I recently joined a womens’ Facebook group that was put together by the church I attend.  In light of the pandemic circumstances, many of the women were contributing beautiful recordings of Christian songs, songs performed during worship at our church mostly.  Beautiful voices.  I, unfortunately, do not share in that talent.  What I lack in talent, I definitely make up for in enthusiasm, however, every Sunday (or after the quarterly worship night), I feel inclined to apologize profusely to those surrounding me (and absolutely my husband too, he’s loud, but awful at singing as well).  I haven’t actually apologized (hello, super introvert here!), but I want to.  Anyway, I wondered what I could contribute to the group.  I thought a lot about ramblings I’ve had in my head regarding recent experiences and how they tie into Scripture, but it just never felt like the right time to hit submit once I typed them out.
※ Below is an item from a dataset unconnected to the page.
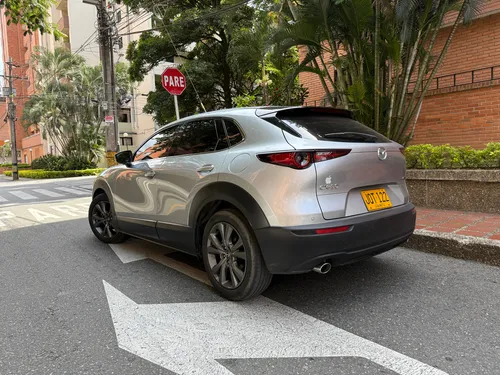 Mazda CX-30 2.5 Grand Touring Lx 4x2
Well, that’s what brings me here.  I don’t even pretend to be an expert on anything Christianity related.  I got a late start.  No fault of anyone, but it just happened that way.  I’ll touch more on this every week when I post, but my story is just that, it’s my own.  And I thought particularly considering my late start, that it was important to share it.  I don’t want anyone shying away from the Jesus life because they are embarrassed, like they missed the bus and it’s too late to run after it.  It’s never too late.  Maybe you feel like if you can just get that last duck in a row, you’ll be good enough for God to consider bringing you into the family.  I get it, that was me.  Here’s the good news:  My ducks are not even ducks.  They’re squirrels and they are at a rave (credit to a meme for that).  And guess what?  It’s OKAY. 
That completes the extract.